Exercise directions: Write out exactly the lines below starting at the one containing "2020 Leaf Metal" and ending at the one containing "Langärmliges Piqué-Poloshirt". Omit every picture.

The data:
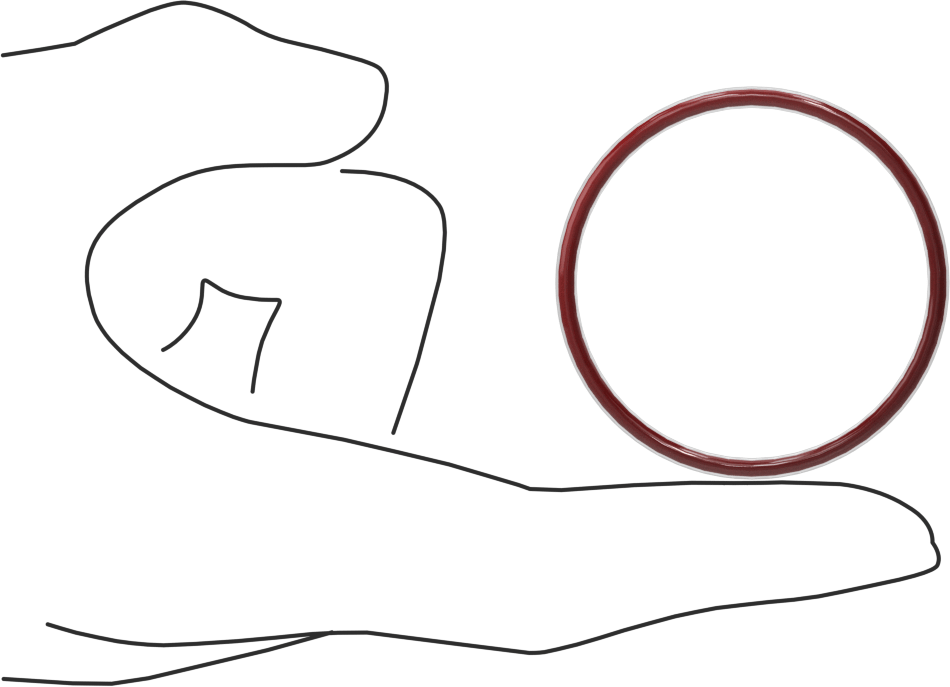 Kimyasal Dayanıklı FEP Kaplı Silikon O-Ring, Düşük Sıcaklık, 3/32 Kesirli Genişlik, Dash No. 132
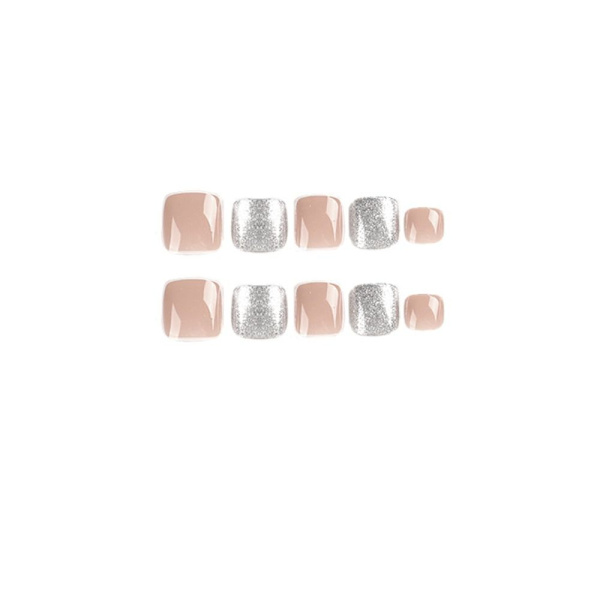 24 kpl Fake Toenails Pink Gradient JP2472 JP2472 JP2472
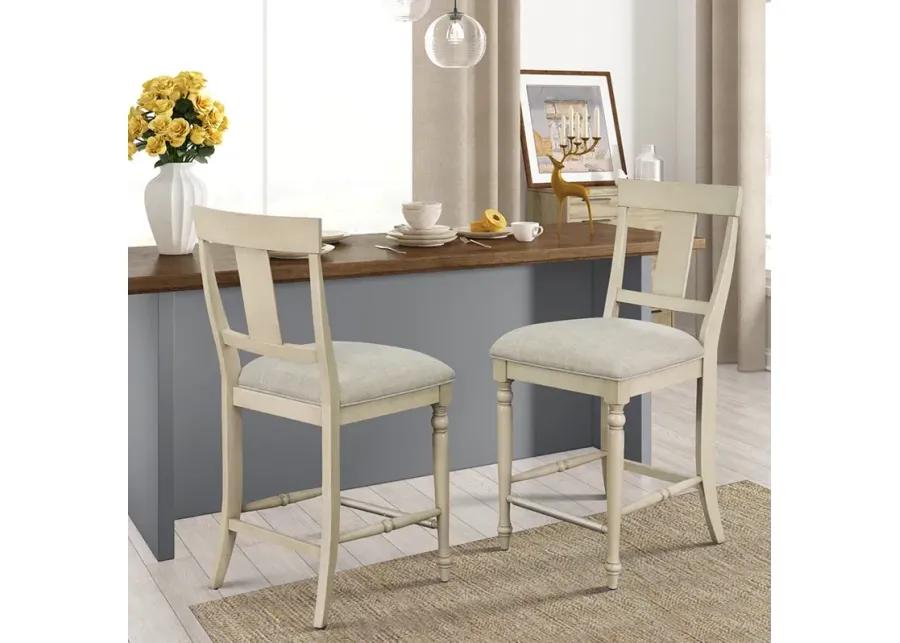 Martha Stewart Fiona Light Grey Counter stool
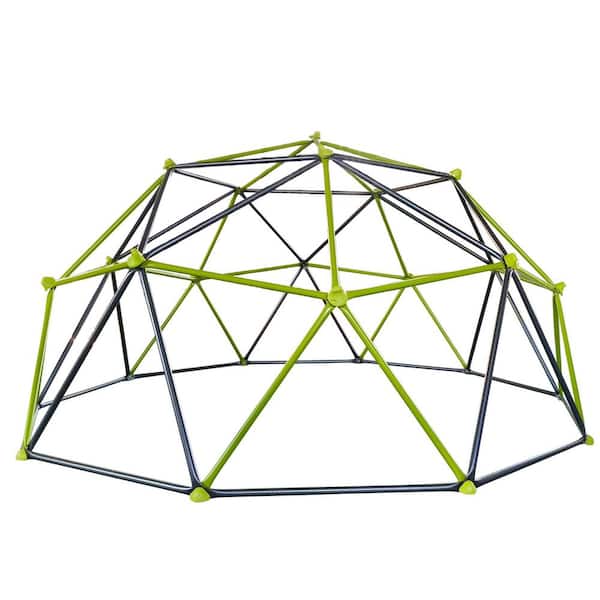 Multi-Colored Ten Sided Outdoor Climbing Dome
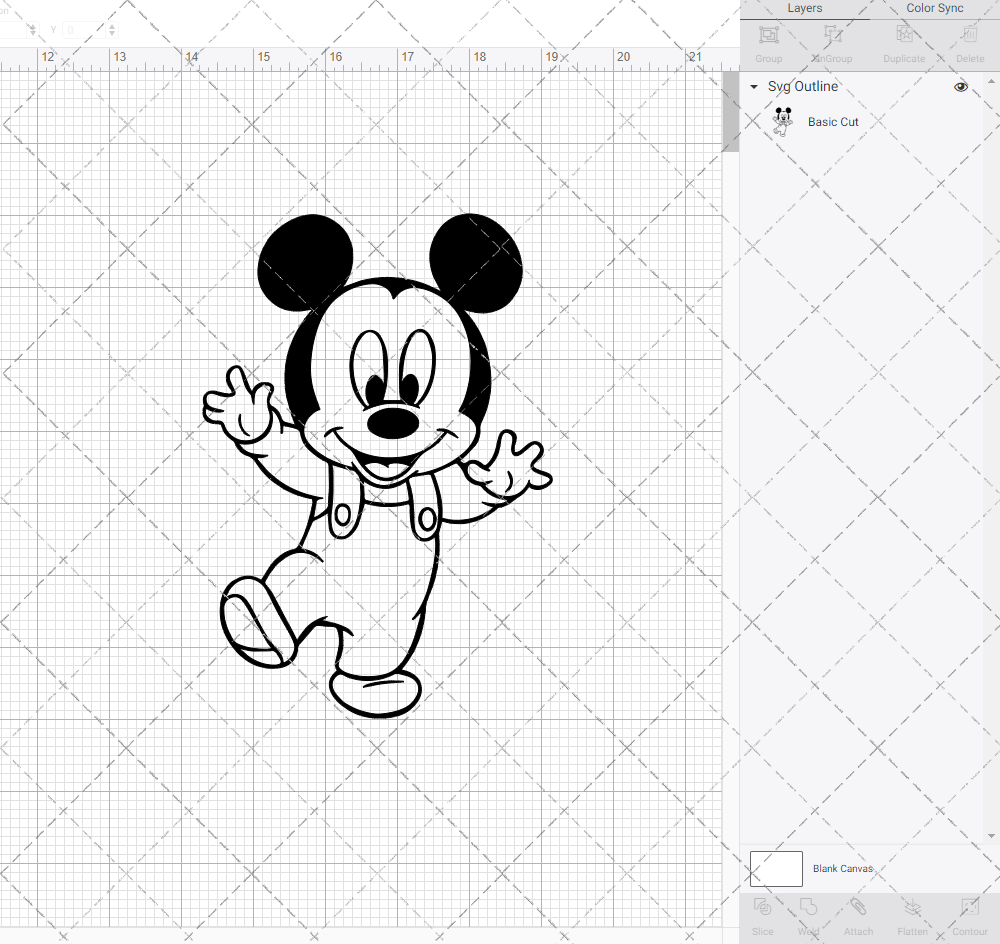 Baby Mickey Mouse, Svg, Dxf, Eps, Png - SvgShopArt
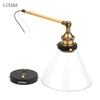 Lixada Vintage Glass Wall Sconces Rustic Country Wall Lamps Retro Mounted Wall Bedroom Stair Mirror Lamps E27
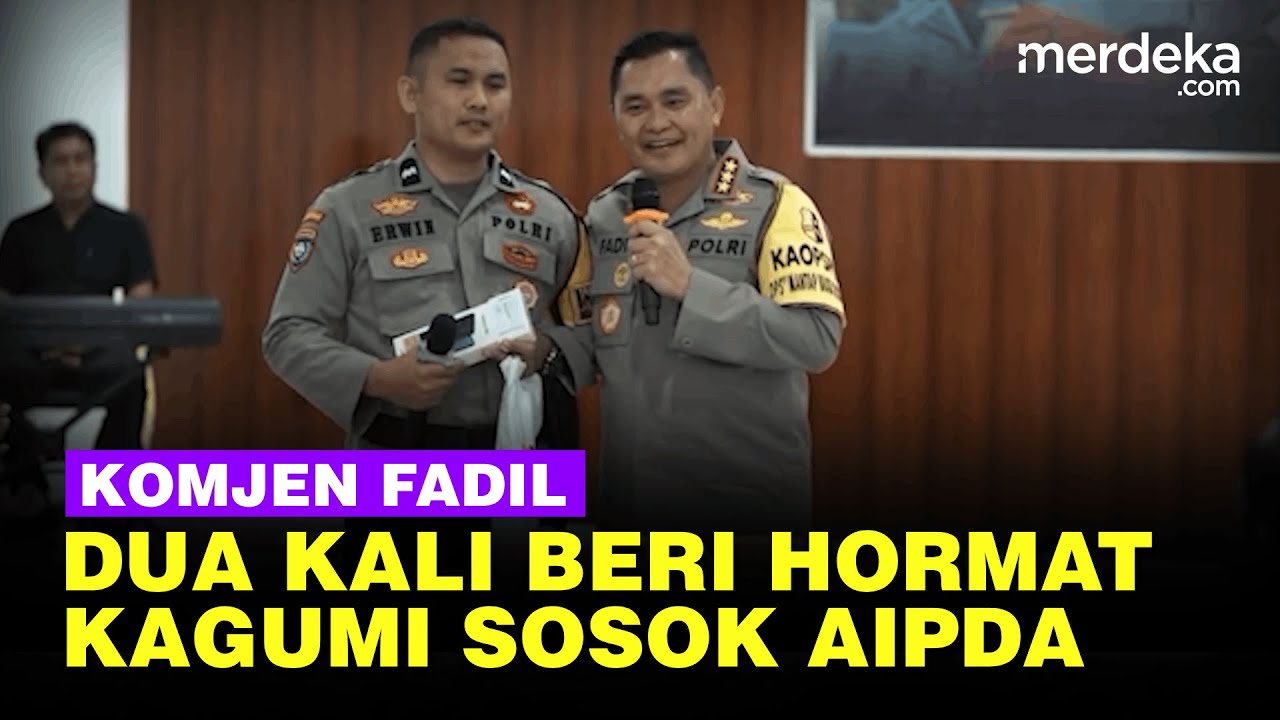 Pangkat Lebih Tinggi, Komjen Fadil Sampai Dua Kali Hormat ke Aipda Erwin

==

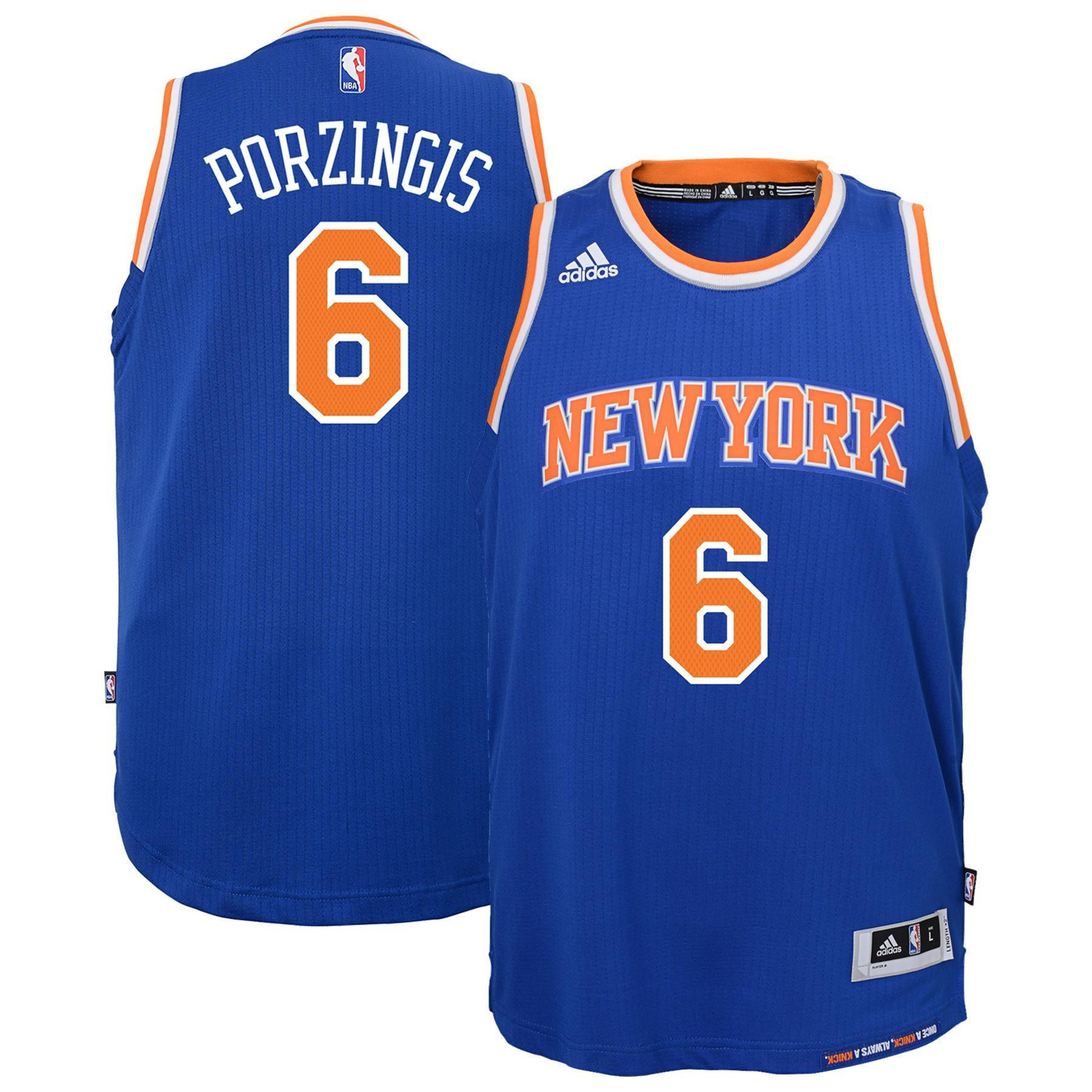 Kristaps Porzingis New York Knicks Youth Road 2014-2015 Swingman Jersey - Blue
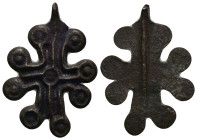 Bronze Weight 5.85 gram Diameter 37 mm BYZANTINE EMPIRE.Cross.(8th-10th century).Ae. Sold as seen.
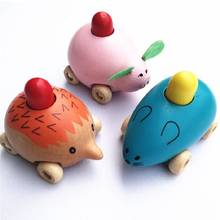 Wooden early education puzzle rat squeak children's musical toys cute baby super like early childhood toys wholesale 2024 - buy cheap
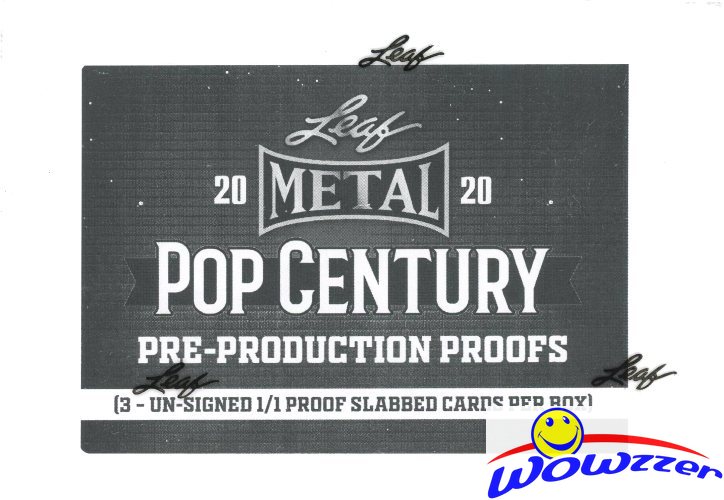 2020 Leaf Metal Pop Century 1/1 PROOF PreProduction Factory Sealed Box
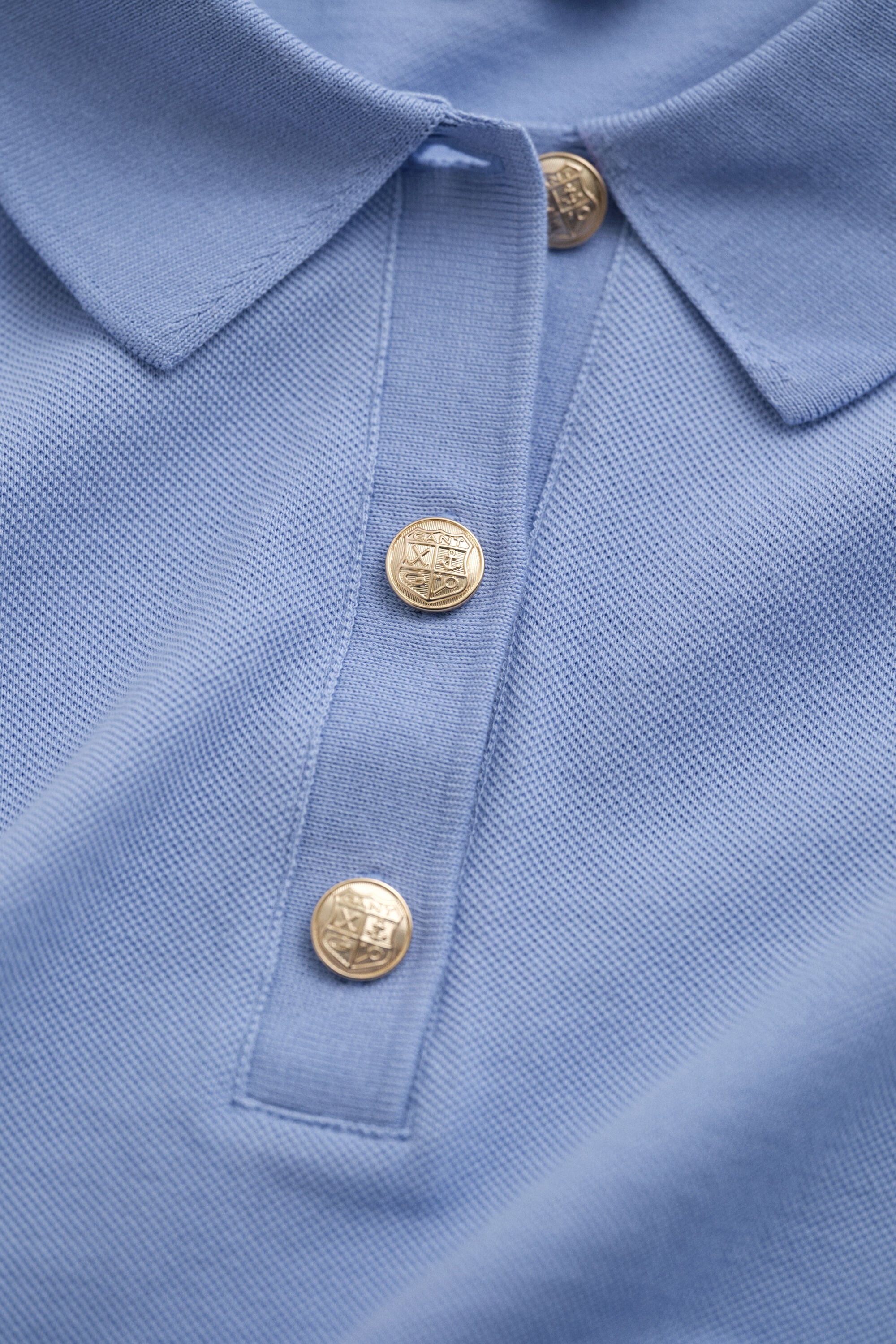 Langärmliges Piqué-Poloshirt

Result below:
 2020 Leaf Metal Pop Century 1/1 PROOF PreProduction Factory Sealed Box
 Langärmliges Piqué-Poloshirt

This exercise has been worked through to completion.